> [Instructions for the task]: A verbatim copy of the full data, with no pictures, is the expected answer.

> [Data for the task]:
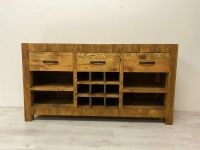 Borneo Sideboard Anrichte Schrank Kommode Pinie massiv – 2042 Nordrhein-Westfalen - Bad Driburg Vorschau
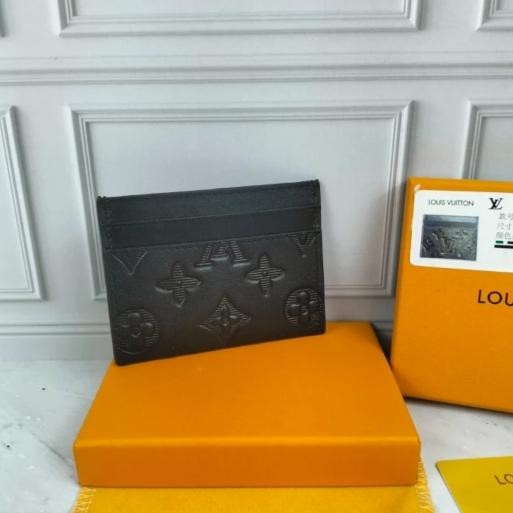 

Dompet Kartu Nama Kredit Sim Name Card Holder Ls Vtn-39 Branded Import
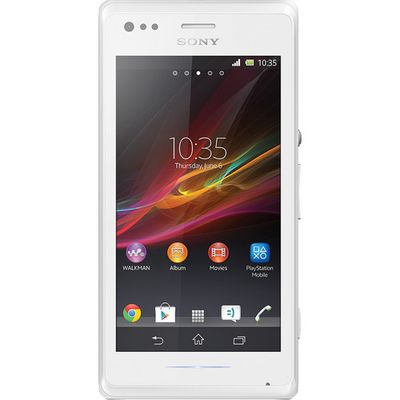 Sony Smartphone 4GB Unlocked Xperia M C1904 1274-3053 (White)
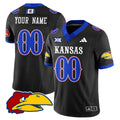 Custom  Kansas Jayhawks Football 2025 Limited Jersey
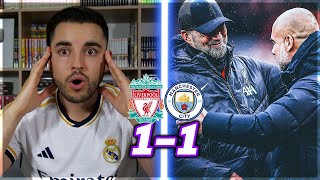 Liverpool 11 Manchester City  Débrief dun MATCH polémique et FOU en PREMIER LEAGUE [upl. by Eiryk]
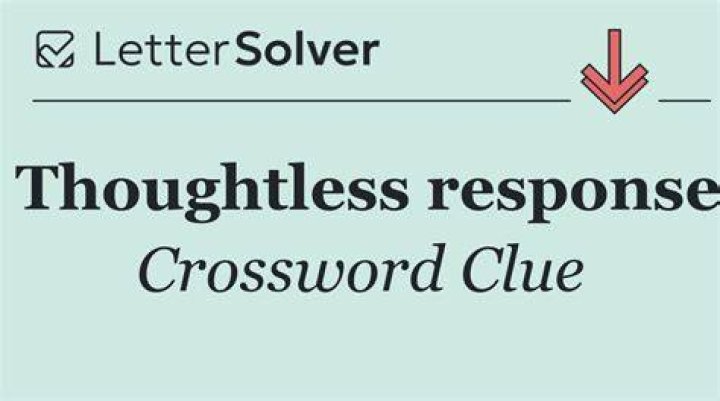 Unenthused response Crossword Clue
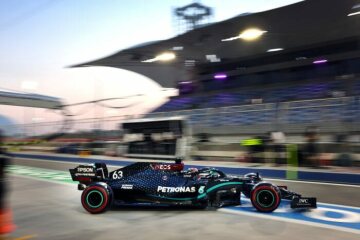 M254697 2020 Abu Dhabi Grand Prix - Preview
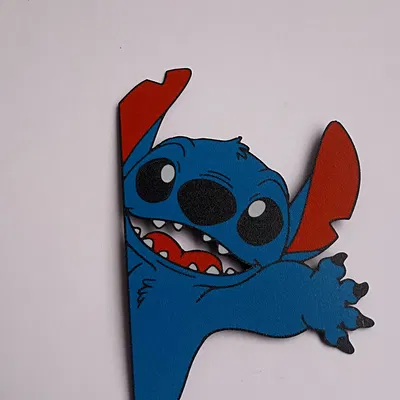 Lilo & Stitch – Decor 2D (Stitch thò ra sau góc/khung)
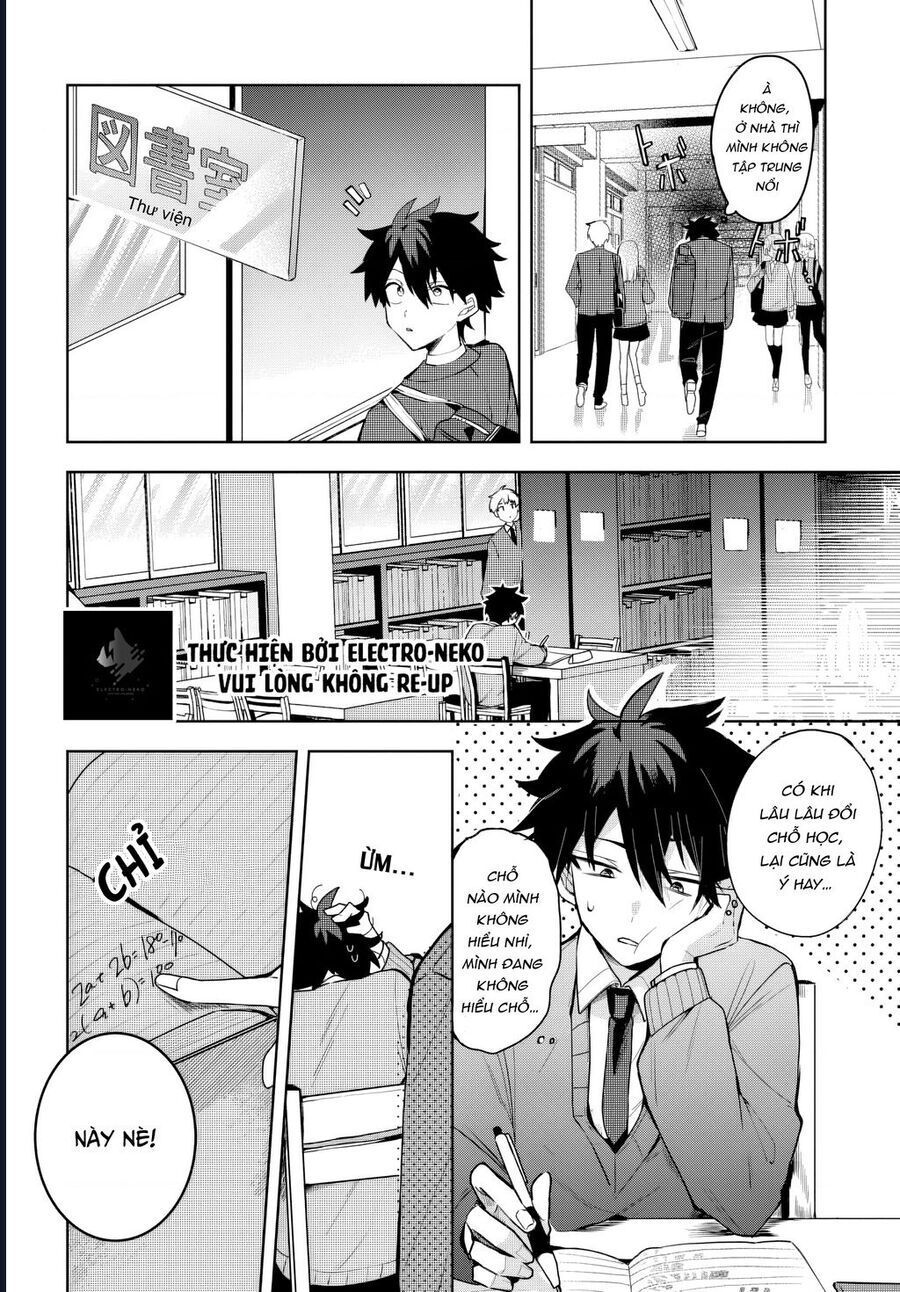 Hình Như Cậu Ấy Cũng Thích Anh Trai Tôi À? Chap 2 - Next Chap 3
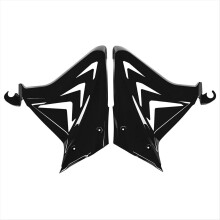 Motorfietsaccessoires Zijkuip Carrosserievulling Injectie Framespoiler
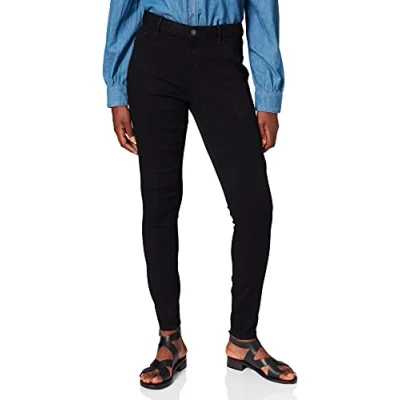 Abbildung von ONLY Carmakoma Carthunder Push Up Reg Skinny Jeans Noos, Noir (Black Black), W41 (Herstellergröße: 54) Damen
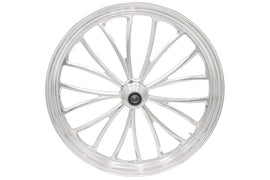 26 inch x 3.5 inch Manhattan Front Wheel Polished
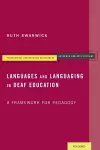 Languages and Languaging in Deaf Education cover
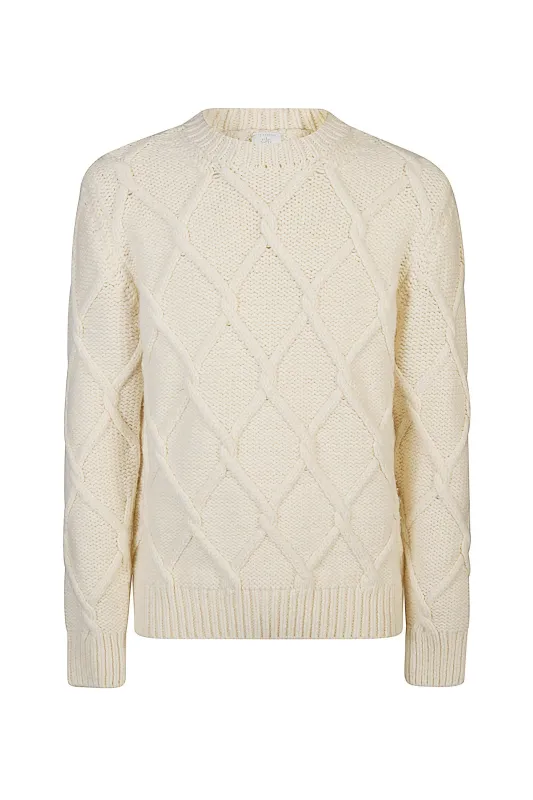 CREW NECK SWEATER sold by Eleventy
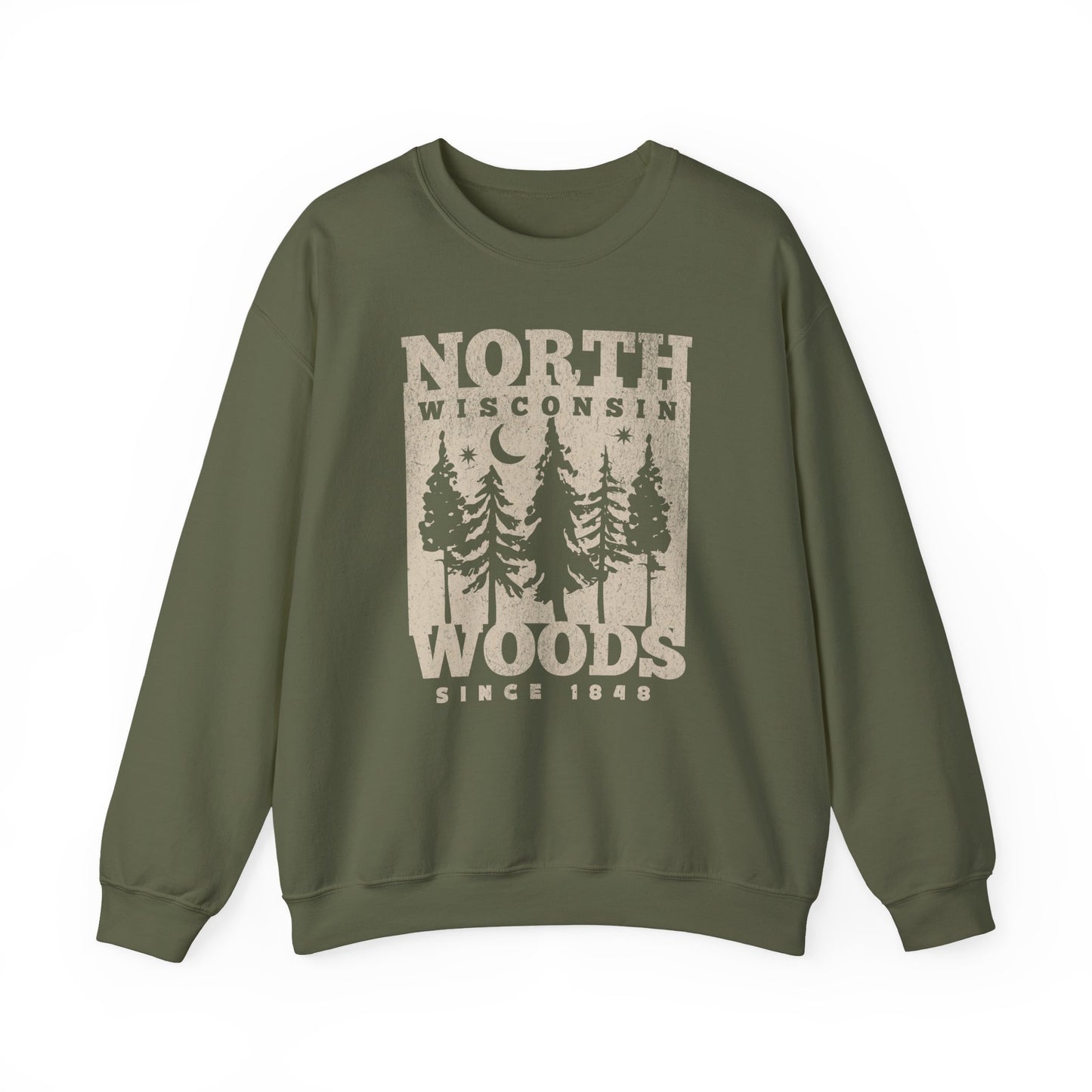 WI North Woods Crewneck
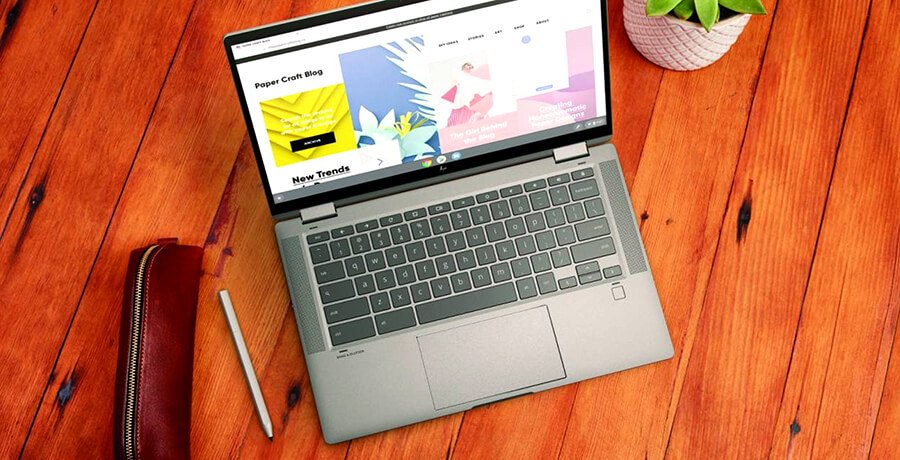 Hp Chromebook - Budget Laptops
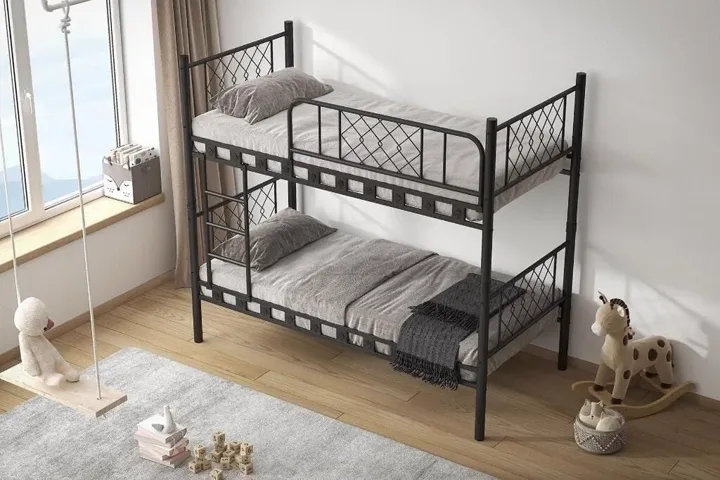 Metis Bunk Bed 90x190 ARM047 Black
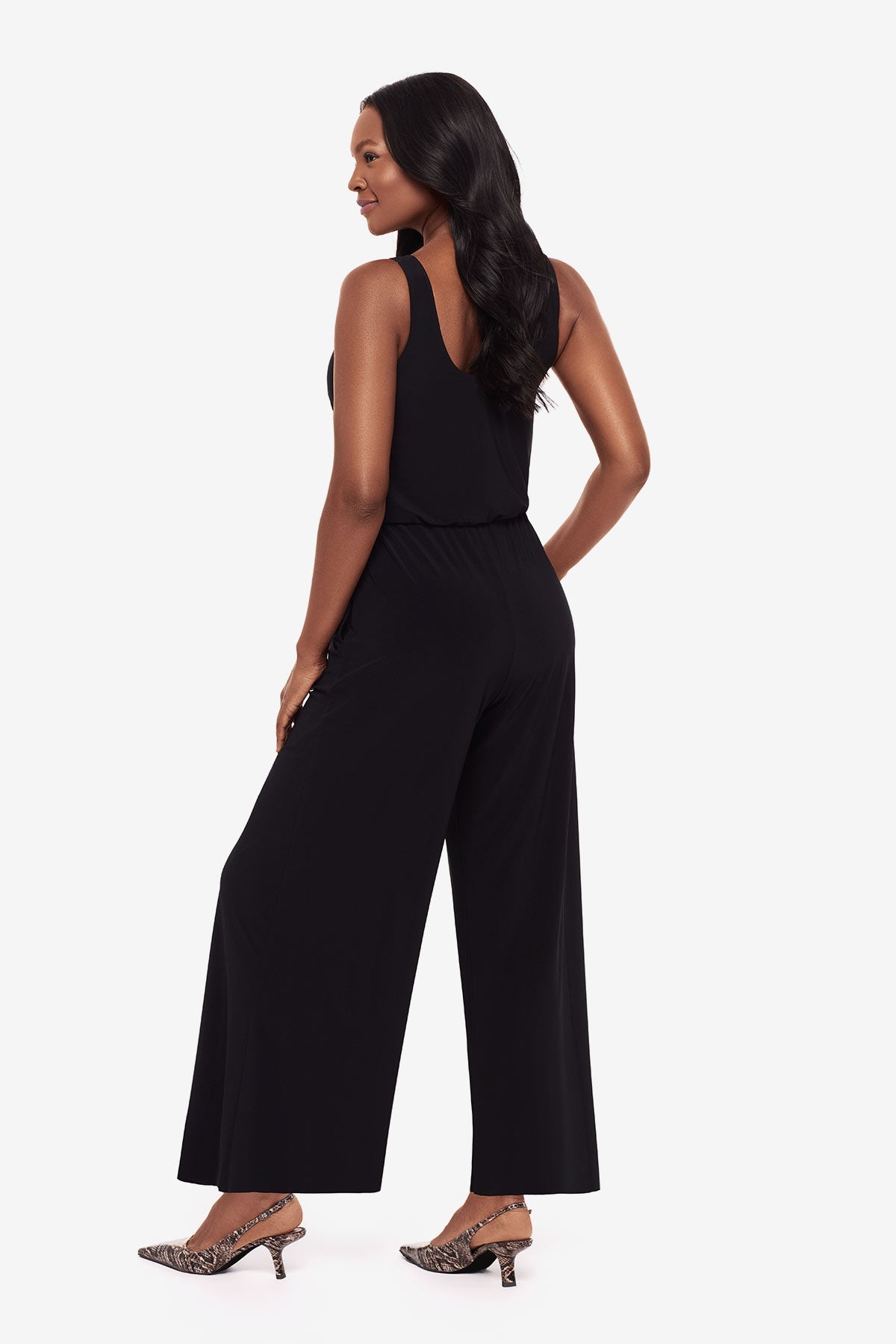Miraclesuit Black Jesi Shaping Jumpsuit in Black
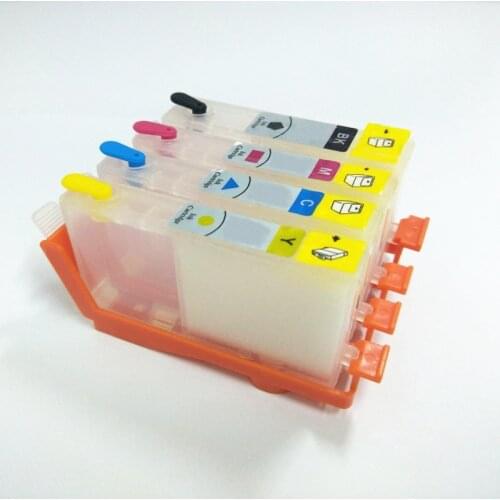 Vilaxh 903xl Refillable Ink Cartridge Replacement For 903 904 905 OfficeJet Pro 6960 6961 6964 6970 6950 Printer Without chip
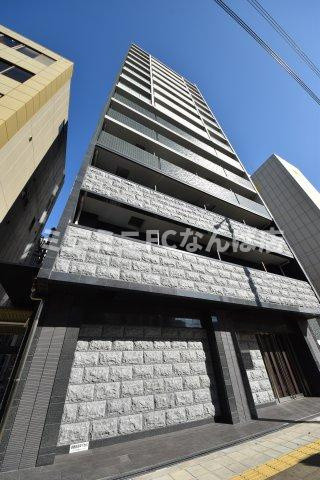 プレサンス難波駅前の外観
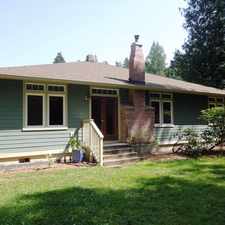 Rental info for PRE-LEASING: 3 Bedroom Country Home Available 9/16/2015!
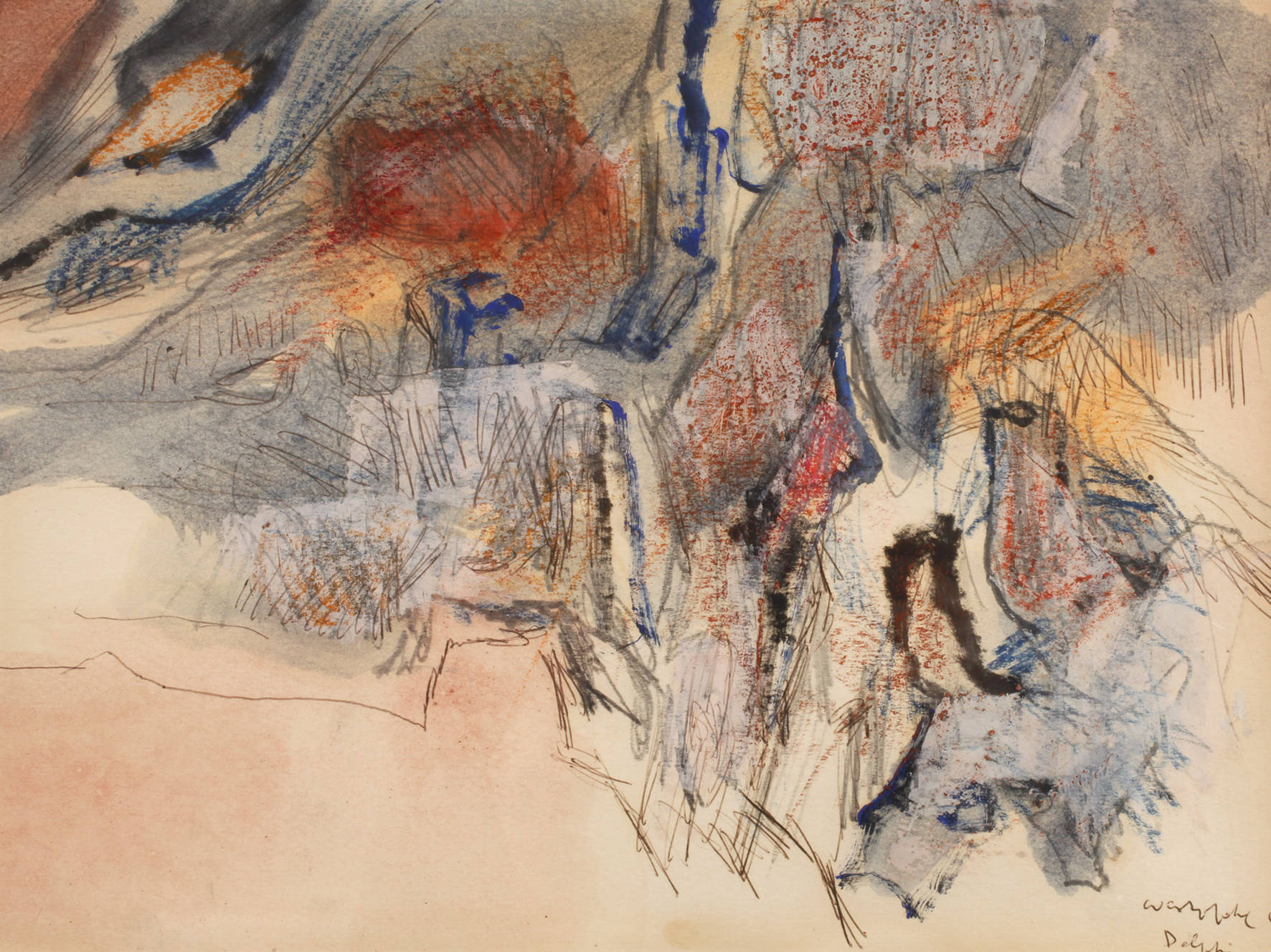 Conrad Westpfahl, ”Delphi”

> [Task result]:
 Borneo Sideboard Anrichte Schrank Kommode Pinie massiv – 2042 Nordrhein-Westfalen - Bad Driburg Vorschau

Dompet Kartu Nama Kredit Sim Name Card Holder Ls Vtn-39 Branded Import
 Sony Smartphone 4GB Unlocked Xperia M C1904 1274-3053 (White)
 Custom  Kansas Jayhawks Football 2025 Limited Jersey
 Liverpool 11 Manchester City  Débrief dun MATCH polémique et FOU en PREMIER LEAGUE [upl. by Eiryk]
 Unenthused response Crossword Clue
 M254697 2020 Abu Dhabi Grand Prix - Preview
 Lilo & Stitch – Decor 2D (Stitch thò ra sau góc/khung)
 Hình Như Cậu Ấy Cũng Thích Anh Trai Tôi À? Chap 2 - Next Chap 3
 Motorfietsaccessoires Zijkuip Carrosserievulling Injectie Framespoiler
 Abbildung von ONLY Carmakoma Carthunder Push Up Reg Skinny Jeans Noos, Noir (Black Black), W41 (Herstellergröße: 54) Damen
 26 inch x 3.5 inch Manhattan Front Wheel Polished
 Languages and Languaging in Deaf Education cover
 CREW NECK SWEATER sold by Eleventy
 WI North Woods Crewneck
 Hp Chromebook - Budget Laptops
 Metis Bunk Bed 90x190 ARM047 Black
Miraclesuit Black Jesi Shaping Jumpsuit in Black
 Vilaxh 903xl Refillable Ink Cartridge Replacement For 903 904 905 OfficeJet Pro 6960 6961 6964 6970 6950 Printer Without chip
 プレサンス難波駅前の外観
 Rental info for PRE-LEASING: 3 Bedroom Country Home Available 9/16/2015!
 Conrad Westpfahl, ”Delphi”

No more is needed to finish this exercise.